The fact is that abortion and contraception go together historically, philosophically, and psychologically. The more people use contraception in a society, the more abortion that society will have.
As Christopher West explains so eloquently in the film, the logic of this is quite simple. When you have culture of people engaging in promiscuous sex who have already determined by their use of contraception that they don’t want that act to result in a child, what happens when that contraception fails? There is a demand for abortion to back up failed contraception. That is why, historically, the most ardent supporters of contraception such as Margaret Sanger and Betty Friedan, are also the most vocal proponents of abortion.
CWR: Is there an ideal setting where you envision Unprotected being watched? RCIA class? Family living room? Local theater? College dorm?
Johnson: All of the above! The movie is general interest enough to fit well in your local theater or secular dorm, but also Catholic enough to watch in your parish hall or with your RCIA class.
CWR: Apart from recommending Unprotected to their pastors, how can readers of this interview encourage their priests to preach boldly (or at all!) about the beauty and truth of Humanae Vitae?

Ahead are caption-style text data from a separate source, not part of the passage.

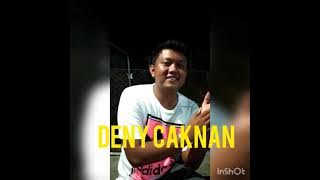Deny Caknan , kuncung majasem, Soepardi ae,  Mira kirana( winner the next didi kempot.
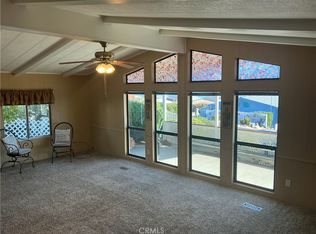 5830 Robin Hill Dr Space 41, Lakeport, CA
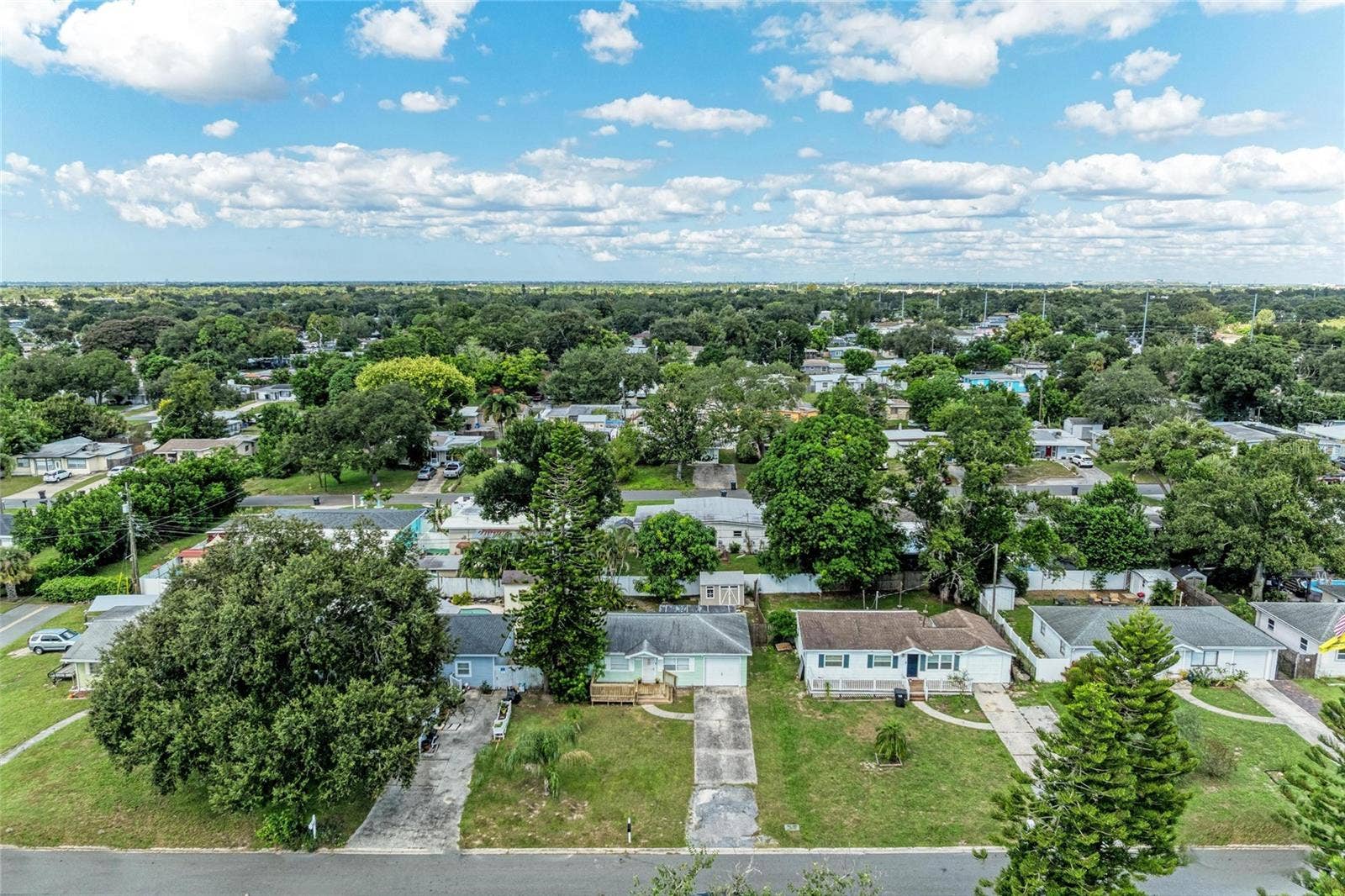 5271 43RD TERRACE N, St Petersburg, FL 33709 5271 43RD TERRACE N, St Petersburg, FL 33709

Johnson: As a filmmaker, I am a big believer in the power of storytelling to move people. One way might just be to be very open about telling your story, both to your priest or anyone else who will listen. As more people learn how following the Church’s teaching leads to joy, more will accept it. Then, if you are able, encourage your priest to either tell those stories during his homily, or allow his parishioners some time to tell their own stories.
CWR: My last question is just an invitation to share any additional thoughts on Unprotected, the main takeaway, and so on. More importantly, how people can get the documentary into the hands of as many hearts and mind as possible?
Johnson: We are debuting Unprotected in multiple stage releases, and the more people involved at each stage, the better. First, we are currently scheduling screenings of the film all over the country.
You can host Unprotected at your parish or a local theater, and there are several great screening packages available from Ignatius Press at http://unprotectedmovie.com. You can also download resources for hosting and promoting an event. Personally, I find the group screenings the premiere way to watch the film.
Down the road, we will release the film for personal use on DVD and digital download, as well as on streaming services.